Oral histories of Science, Technology and Medicine
The 2015 Annual Conference of the Oral History Society in conjunction with Royal Holloway University of London and the Oral History of British Science at the British Library, with support from the Wellcome Trust Royal Holloway, University of London, Egham, Surrey TW20 0EX, UK
10th July 2015 - 11th July 2015
Conference Scope
What can oral history and life story methodologies bring to the study of the history of science, technology and medicine? How have historians of science, technology and medicine made use of personal memory and narratives in their research? This conference will explore the theoretical and practical challenges of using oral history-based techniques in the broad areas of the histories of science, mathematics, engineering, technology and medicine, and welcomes contributions which use oral history to:
- Understand change in medicine and science
- Consider the links between organisational history and memory
- Juxtapose oral history with other historical sources
- Review the cultural interface between history, memory and technology
- Uncover personal reflections on technological and medical innovation and change
- Examine ways in which memory can be used to interpret and engage with wider public audiences about current scientific issues in, for example, biomedicine, the environment and lifestyle choices
The conference will bring into dialogue oral historians, historians of science, technology and medicine, medical sociologists, technologists, archivists, the scientific humanities, and heritage professionals working in museums, higher education, broadcasting and other media.

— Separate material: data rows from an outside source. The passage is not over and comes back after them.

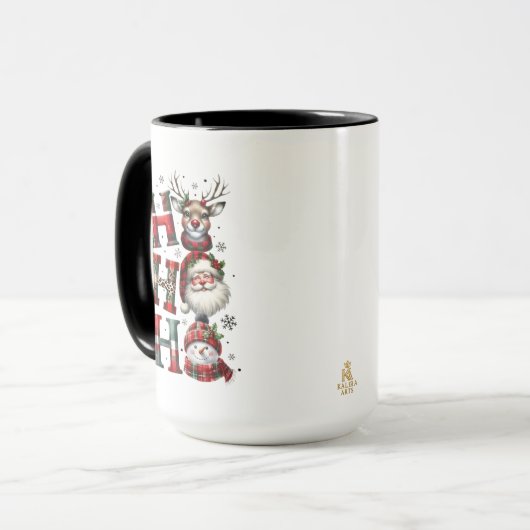 Minimal Christmas Mug | Line Art Tree | KaliraArts マグカップ (正面左)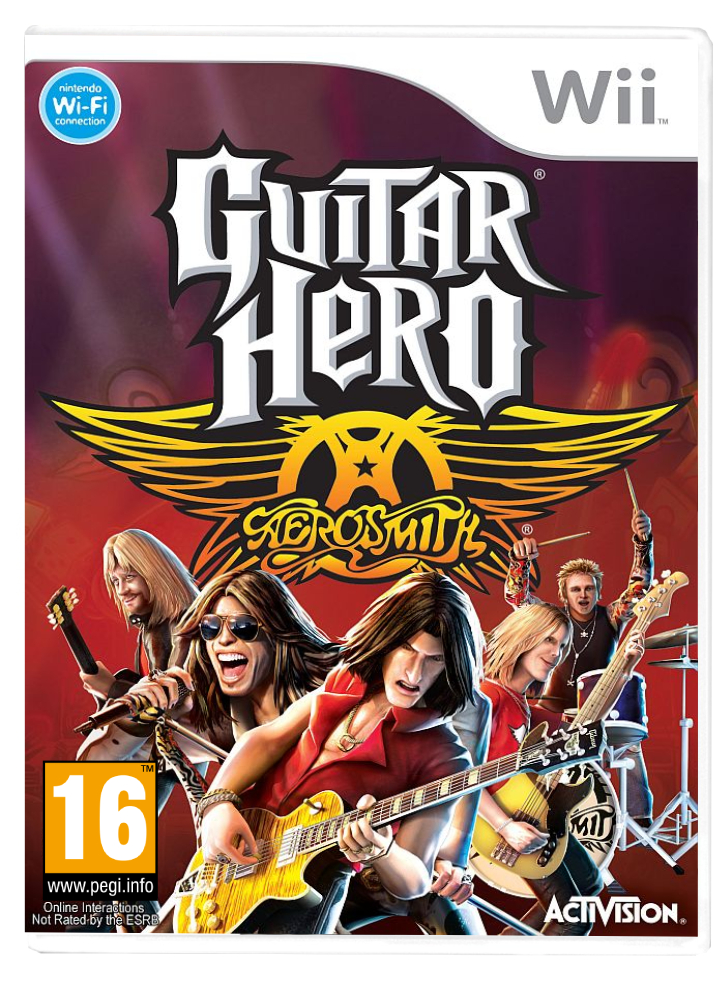 Guitar Hero Aerosmith Standalone Game /Wii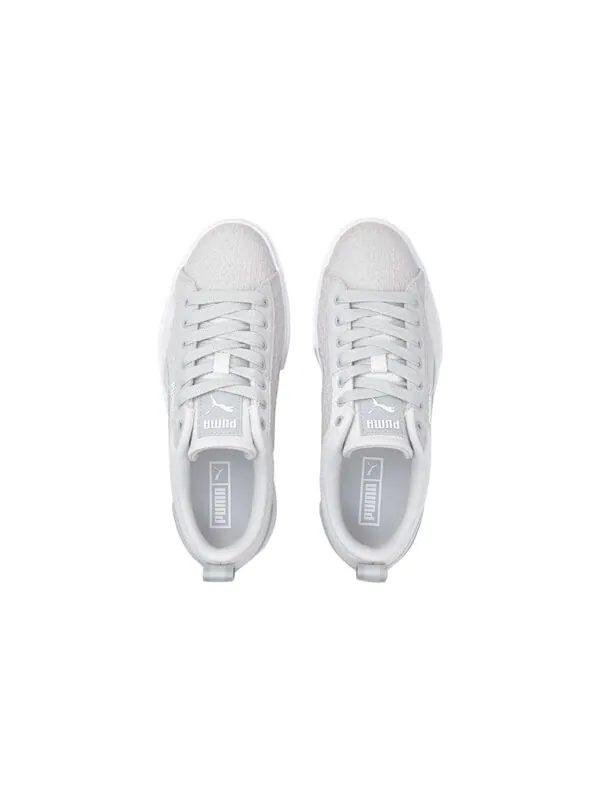 Кроссовки mayze patchwork 'gray white' Puma — изображение 3 из 4, серый/белый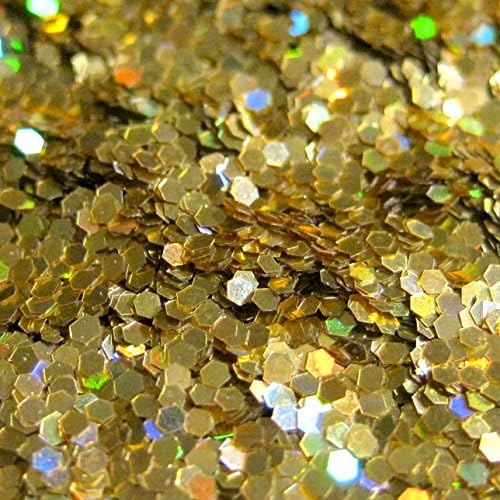 Holographic Metal Flake "Gold Gone Wild, Size 0.025" 2oz Jar - Custom Paint Additives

Full programme and registration available at
FRIDAY 10 JULY
09.30 Registration opens
10.00-11.00 Practical workshops (parallel sessions):
Oral History in Higher Education: Jenny Harding (London Metropolitan University)
Oral History and Archives Clinic: Rob Perks and Mary Stewart (British Library)
Oral History and Cutting-Edge Technology: Doug Boyd (University of Kentucky)
11.00-11.15 Tea/coffee
11.15-11.30 Welcome by Graham Smith, Royal Holloway, University of London
11.30-12.30 Opening Plenary
What’s special about oral histories of medicine?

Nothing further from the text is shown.